Founding and early recordings
The initial line-up of the band formed in 1989, with guitarist Andy Switzky, guitarist Matt Talbott, bass guitarist Akis Boyatzis and drummer Jeff Kropp. Matt and Andy met at a cafe named Treno's, in Urbana, Illinois, where Andy worked. Discussions about music led to the two forming the nucleus of Hum. Matt had previously played in the local group We Ate Plato and was presently a member of Honcho Overload; Andy had performed in the semi-serious live band Obvious Man and had studio experience with Designer Mustard Gas.
The group performed at Akis' basement for their initial months. Due to a suggestion from Rick Valentin of Poster Children, the band chose the name Hum (over contenders like Grendel's Arm, Pod, and Feedbag), an intentional vague description of their sound and went through a second drummer before overhearing Bryan St. Pere playing along to a Rush record out of his apartment window and recruiting him.
This line-up was not to last long, though, as Akis left home for Greece in 1990. Local musician Joe Futrelle, who played with Andy in Designer Mustard Gas joined briefly, before leaving for more serious musical pursuits and was replaced by Rod van Huis, later of Steakdaddy Six. Due to personal reasons, he amicably split the band and went on to perform in the Great Crusades. With the addition of Balthazar "Baltie" de Lay, of the band Mother (later Menthol), the band recorded their first demo in famous engineer Steve Albini's basement in Chicago.
The band recorded eight songs in first or second takes, with only vocal overdubs and had an official demo to shop around, named Kissing Me Is Like Kissing an Angel. At this point, the group's primary singer, guitarist and songwriter was Andy and that remained the case when their first album, Fillet Show, was released by local label 12 Inch Records in 1991. The album features a faster, heavy sound somewhere between punk rock and heavy metal, with more overt political and humorous material than the later oblique lyrics that Matt Talbott would write.
Pressure grew on Baltie to focus his efforts on Mother and other pursuits, so he too left on good terms with the other members of Hum.

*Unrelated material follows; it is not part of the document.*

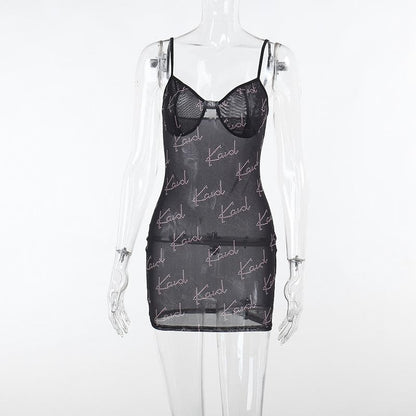 Transparentes Mesh-Camisole-Minikleid mit V-Ausschnitt und Kontrastdruck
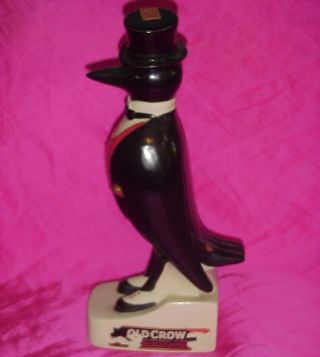 Vintage 1976 Old Crow Kentucky Bourbon Ceramic Decanter 13 " Tall Figural Bottle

Left without a bassist again, Matt suggested Jeff Dimpsey, his bandmate in Honcho Overload. In that group, and during his brief stint with the Poster Children, Jeff played guitar and Matt actually played bass, but the transition was smooth, and the band recorded two singles, "Hello Kitty" and "Sundress", the former on 12 Inch, and the latter on the new Champaign-based label Mud Records. Around this time, the Champaign scene started to coalesce with members of one band joining up with members of another to form an indefinite amount of one-off side projects, and the Parasol Records distribution company helped promote local acts nationally and brought in alternative music to record stores in Champaign, Illinois.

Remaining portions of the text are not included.